Mann08’s approach also led to situations like the following. For the Tiljander proxies, there is also a nearby weather station with records going back to the 1890s or so. By inspection, that temperature record isn’t hugely similar to the gridcell reconstruction. So, did it really make sense to prefer matching proxies to the gridcell?

And, as you note, there can be no assurance that the pattern that held sway during the instrumental period was a faithful continuation of the pattern(s) that prevailed in prehistoric times. If patterns did change, the uncertainties produced via this approach are much larger than they are currently thought to be.

## Layman Lurker said

Fascination project Kenneth. What about adding AR1 noise with a coefficient of .2 (as Michael Mann suggests)to your GHCN sample?

## Kenneth Fritsch said

That would, of course, be frequency of occurrence, i.e. the number of times out of a total of 1000 trials (resamples) for a particular bin of log10 of probability of the resulting trend for regressing station series correlation (pairwise) versus station separations (pairwise) being 0.

## Kenneth Fritsch said

LL, what I need to do now is look at the AR1 of the proxies series. The GHCN annual station data for the time period 1950-1990 had an average AR1 of 0.135 – which is small.

## Layman Lurker said

Yeah, I was thinking about the same thing.

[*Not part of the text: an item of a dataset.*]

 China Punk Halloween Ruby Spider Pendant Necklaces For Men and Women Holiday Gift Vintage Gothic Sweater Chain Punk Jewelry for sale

I recently did the the non-bristlecone acf for the NOAMER network proxies from MBH98 for kicks.

## Kenneth Fritsch said

In the link below I show the AR1 values for the residuals of the regression of the z values over a 947 year period for the annual Ljungqvist proxies as identified by number of appearance from the list in Ljungqvist 2010. Included in the table are the mean and standard deviation of 23 subsets of the 947 year period of 41 years each of the same AR1 for regression of proxy z values over 41 years.

To be noted from the table data is that the longer term 947 year time period increases the calculated AR1 values in all proxies over the average AR1 for the 41 year subsets. The order of the AR1 values for the proxies remains the same for the long term and shorter term 41 year subsets.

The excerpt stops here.